Jadi bohong itu lazim dalam hidup manusia. Tapi soalnya bohong bisa berakibat bahaya kalau itu bersangkut-paut dengan hidup banyak orang. Saat bohong dicetak dengan kekuatan raksasa maka itu jadi ancaman pada semua. Joseph Goedbels (1897-1945) pendesain kebohongan Hitler berkata: ‘Siapa yang bicara pertama kali, dialah yang benar’
Itulah yang dilakukan oleh politisi yang hidupnya harus berusaha untuk mendapatkan kepercayaan. Bagi politisi tindakan apa saja musti didasarkan oleh keinginan memperoleh dukungan. Sedangkan dukungan tak harus muncul dari informasi yang benar, tapi malah informasi yang keliru tapi menyenangkan. Contoh paling sempurna ketika Soeharto memoles peristiwa pembunuhan para Jendral yang dituduhkan pada PKI.
Padahal bukti belakangan menunjukkan kalau itu terang-terangan bohong. Geoffrey B Robinson menguluti cacatnya kesimpulan PKI yang jadi dalang. Pertama kisah itu tak memberi motif yang masuk akal bagi upaya PKI melakukan kudeta. PKI pada pertengahan 65 adalah partai yang berhasil meraih dukungan tinggi di parlemen.
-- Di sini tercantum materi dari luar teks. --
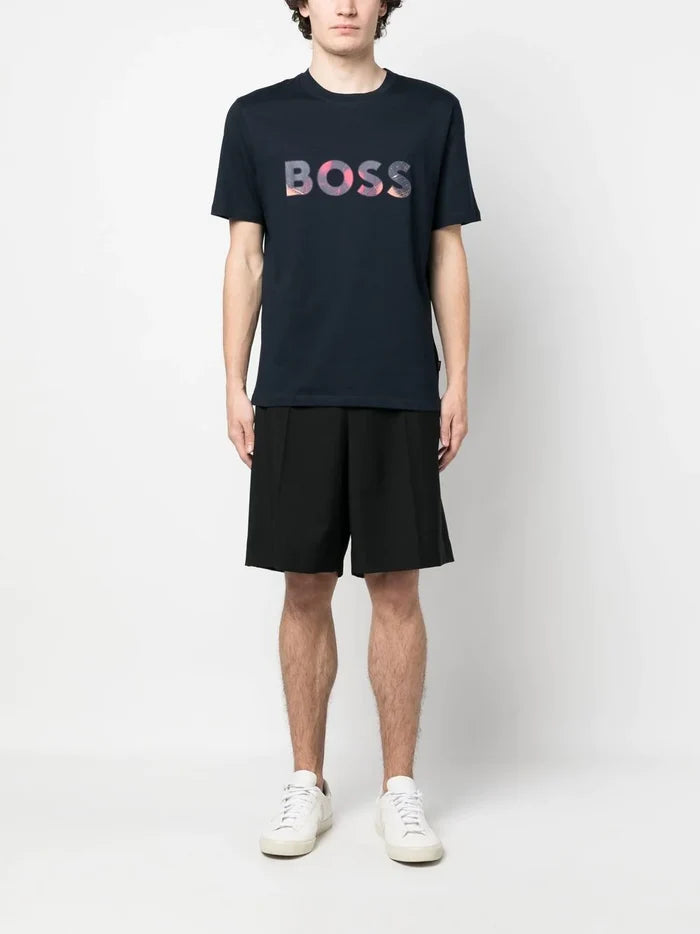 BOSS Logo-print Patch T-shirt Dark Blue - MAISONDEFASHION.COM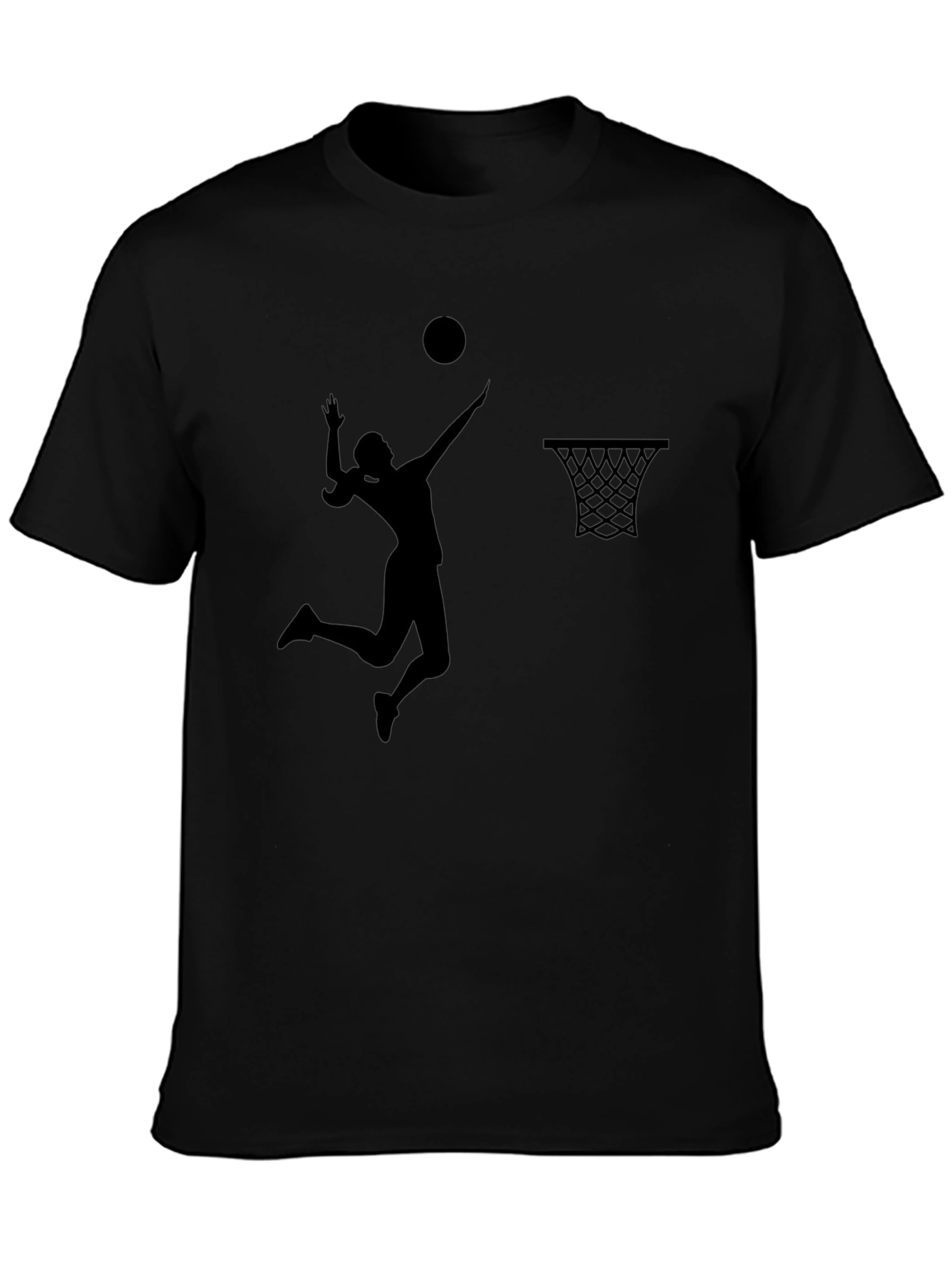 Basketball Silhouette Graphic Black T-Shirt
Di samping itu banyak bukti tak menunjukkan hal itu. Penculikan dilakukan bukan oleh anggota PKI tetapi di bawah komando perwira AD berseragam. Diperkirakan ada 2500 prajurit yang ikut dalam gerakan. Kalau ada sebagian kecil anggota gerakan Rakyat dan Gerwani di Pangkalan Halim dan aksi penculikan tapi tak sebanding dengan jumlah pasukan AD.
Hanya karena menuduh PKI lebih menguntungkan bagi Soeharto serta komplotanya. PKI dikuatirkan menjadi kekuatan yang mampu mengimbangi posisi AD. Mengenyahkan PKI adalah pilihan politik terbaik dan kisah bohong itu yang mengantarkan pembunuhan massal yang hingga kini tak mampu diadili. Bohong jadi bahaya karena kemudian itu membawa petaka.
Hanya saja bohong itu tak mudah ditangkis. Walau ada bukti sejarah yang kuat tapi tetap saja PKI jadi golongan yang terkutuk. George Lakoff, ahli linguistik, mengatakan kalau bukti yang berusaha membantah musti melalui kerangka keyakinan dan prasangka yang sudah ada. Tiap fakta baru yang tak sesuai dengan kerangka keyakinan bisa jadi akan diabaikan bahkan itu bisa diserang kalau mengancam.
Jadi sekali bohong diluncurkan lalu dikatakan berulang-ulang dan dirinya merasa mendapat imbalan: rasa nyaman, keuntungan, popularitas dan bahkan posisi, selamanya bohong akan jadi sebuah strategi. Dinamai strategi karena bohong merupakan upaya sederhana untuk memoles sebuah informasi. Polesan informasi itu dilakukan untuk mendapatkan gambaran yang berbeda ketimbang yang sebenarnya.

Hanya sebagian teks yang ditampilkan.